PROMPT
When you reproduce the data, keep every word exactly as it stands and leave the pictures out.

STUDY MATERIAL

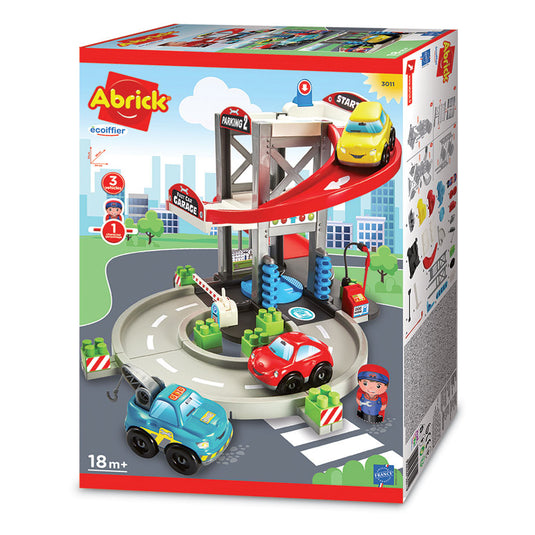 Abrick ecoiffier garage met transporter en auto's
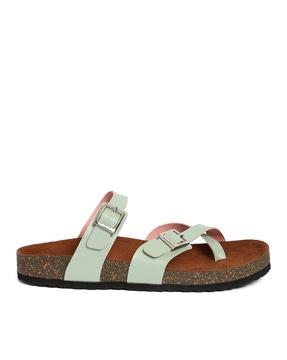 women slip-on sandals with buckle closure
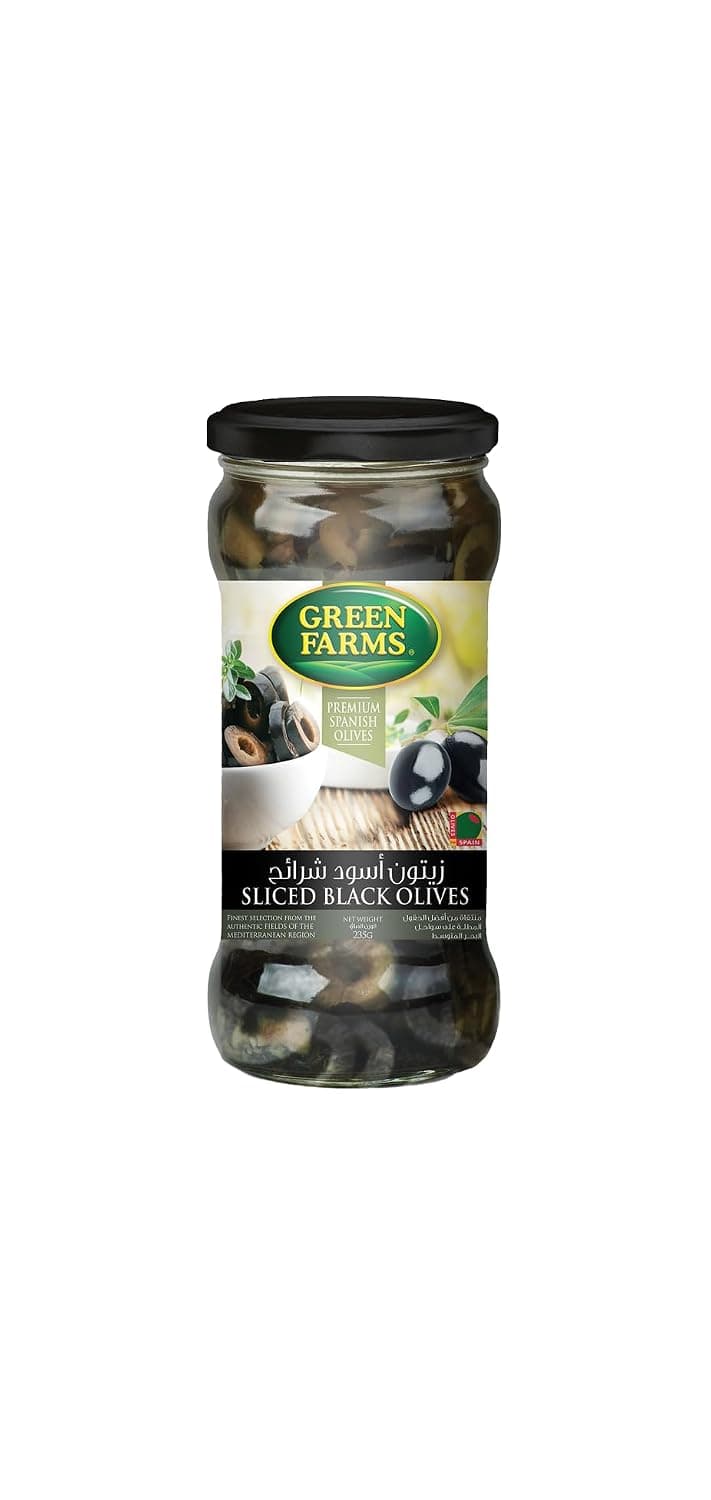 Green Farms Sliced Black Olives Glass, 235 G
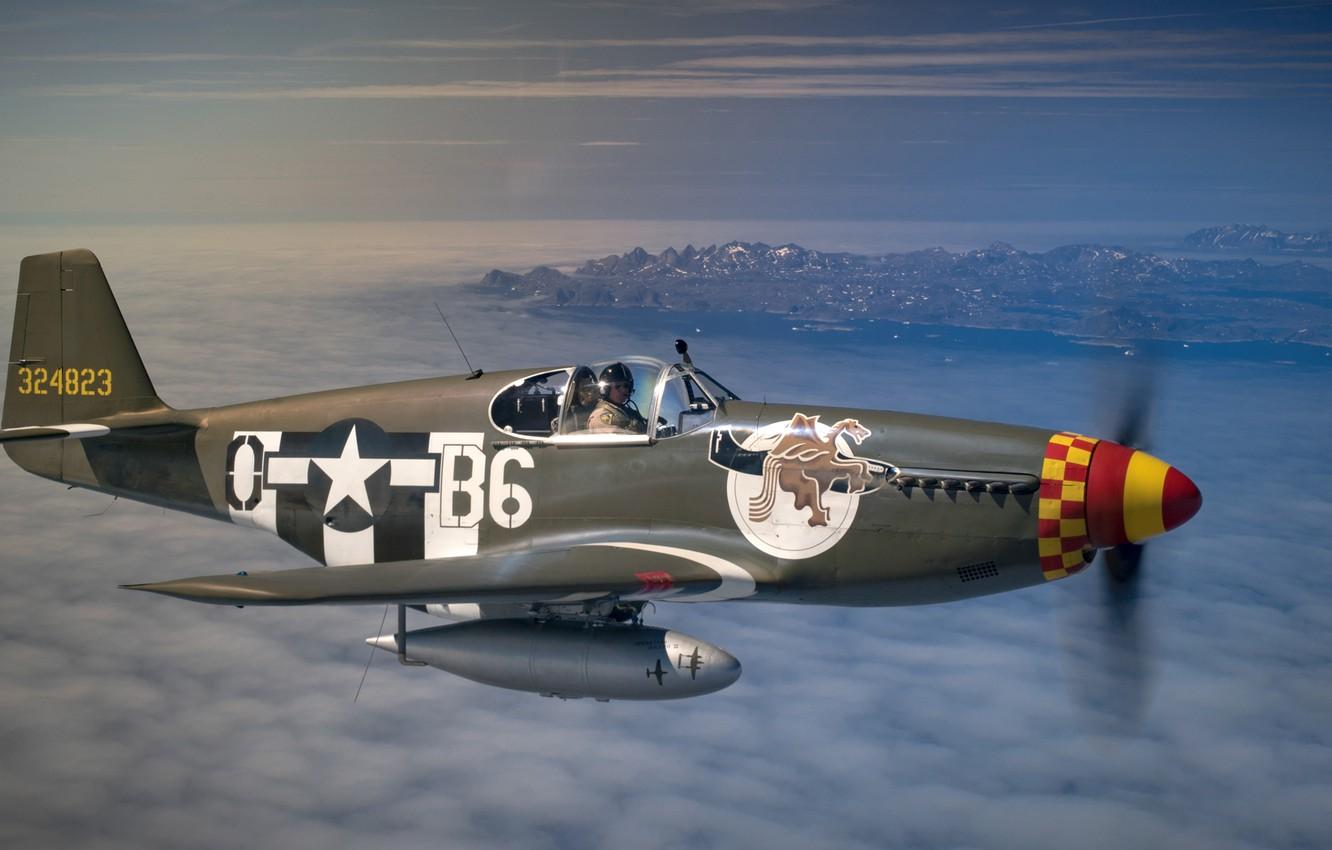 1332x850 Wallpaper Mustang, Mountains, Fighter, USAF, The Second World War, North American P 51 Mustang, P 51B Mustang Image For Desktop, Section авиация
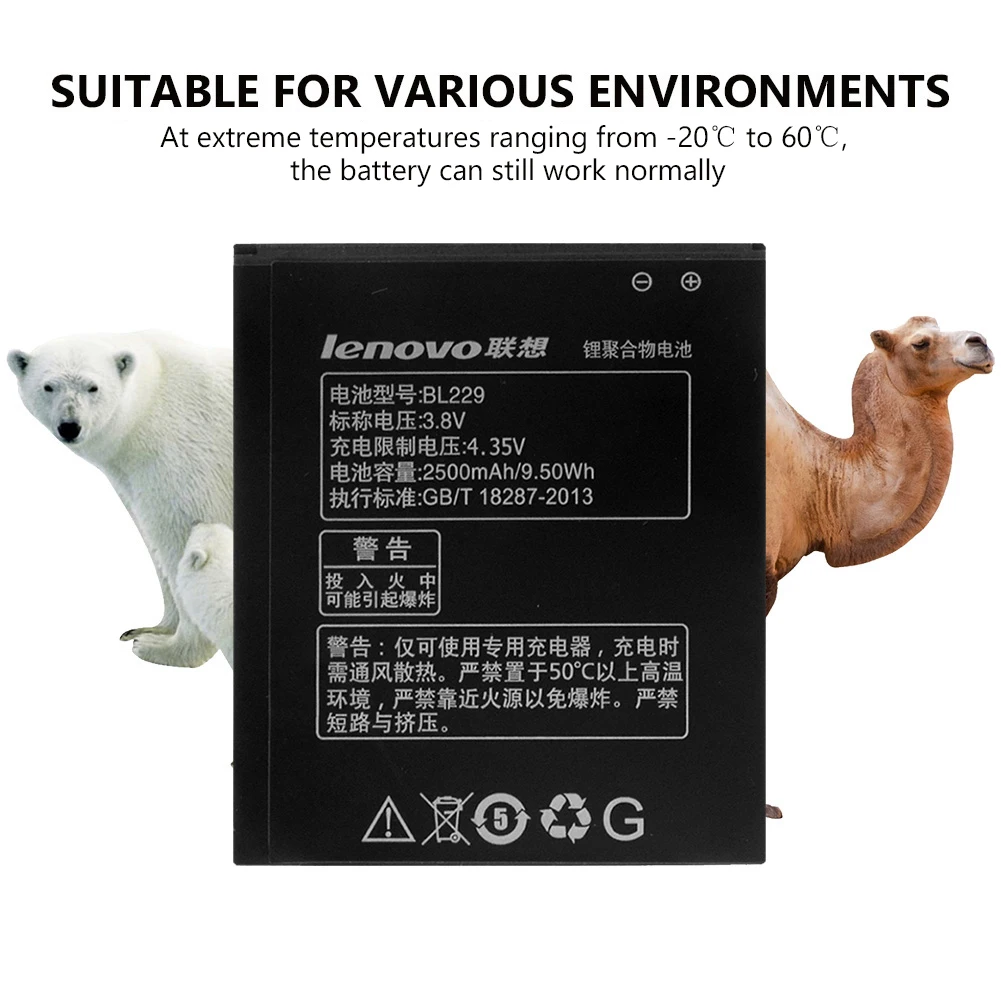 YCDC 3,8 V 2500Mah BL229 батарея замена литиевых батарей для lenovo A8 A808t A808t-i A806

ANSWER SECTION
 Abrick ecoiffier garage met transporter en auto's
 women slip-on sandals with buckle closure
 Green Farms Sliced Black Olives Glass, 235 G
 1332x850 Wallpaper Mustang, Mountains, Fighter, USAF, The Second World War, North American P 51 Mustang, P 51B Mustang Image For Desktop, Section авиация
 YCDC 3,8 V 2500Mah BL229 батарея замена литиевых батарей для lenovo A8 A808t A808t-i A806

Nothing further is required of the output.